Exercise → Your copy should start at the line with "Кроссовки Nike VaporMax" and end at the line with "2018 Toyota Highlander" in the data below. Transcribe only those lines, exactly, pictures excluded.

Source material →
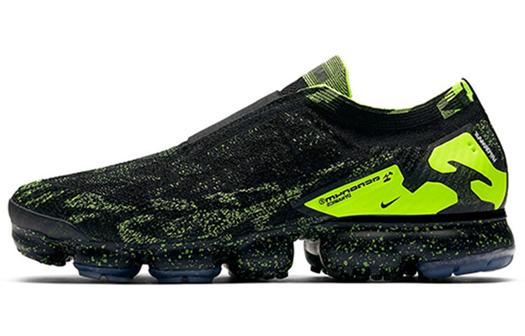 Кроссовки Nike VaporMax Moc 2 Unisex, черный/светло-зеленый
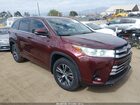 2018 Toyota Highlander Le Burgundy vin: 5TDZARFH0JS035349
--
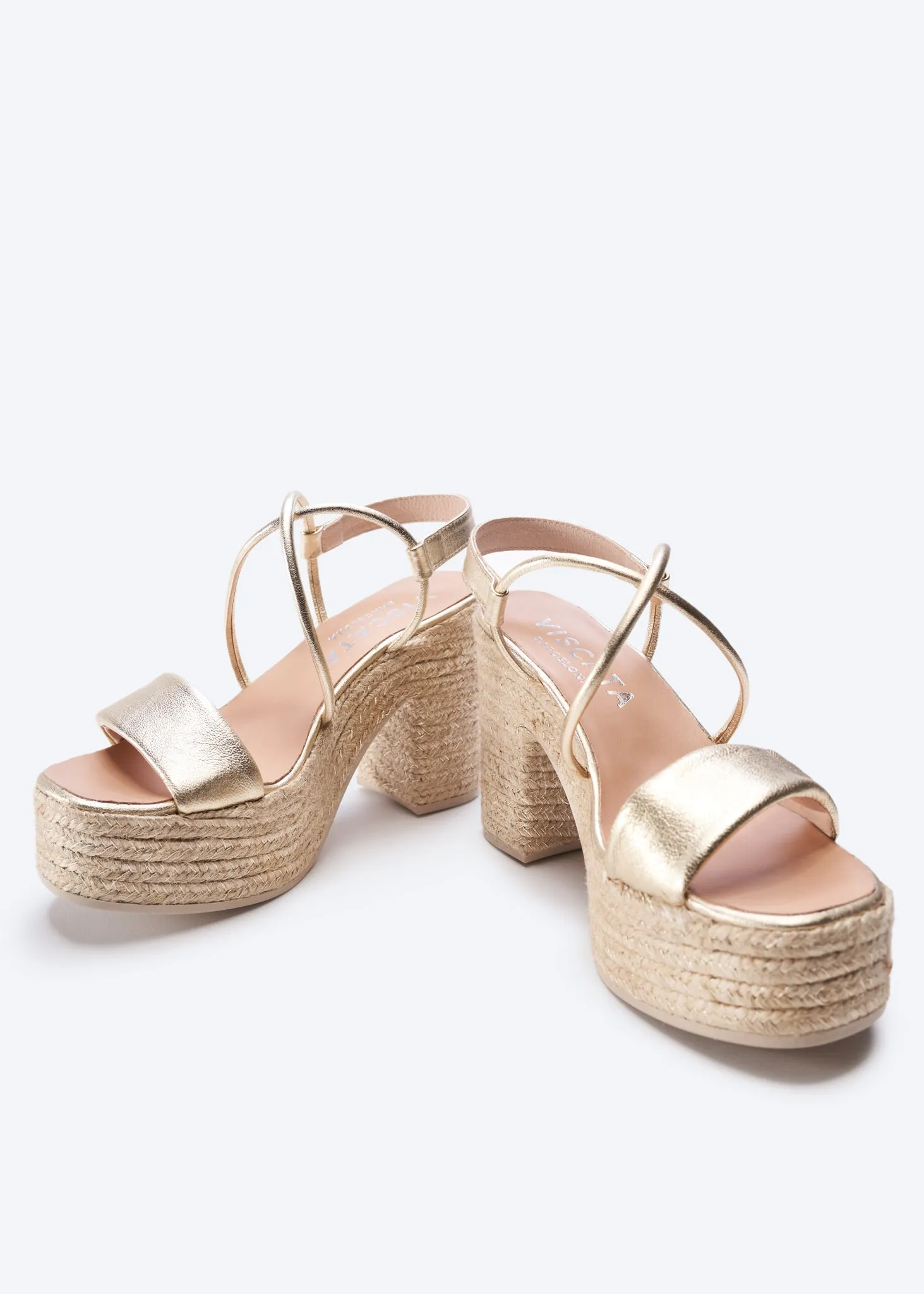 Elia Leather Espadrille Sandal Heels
==
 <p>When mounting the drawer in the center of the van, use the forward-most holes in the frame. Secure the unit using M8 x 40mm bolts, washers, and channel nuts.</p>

Result →
 Кроссовки Nike VaporMax Moc 2 Unisex, черный/светло-зеленый
 2018 Toyota Highlander Le Burgundy vin: 5TDZARFH0JS035349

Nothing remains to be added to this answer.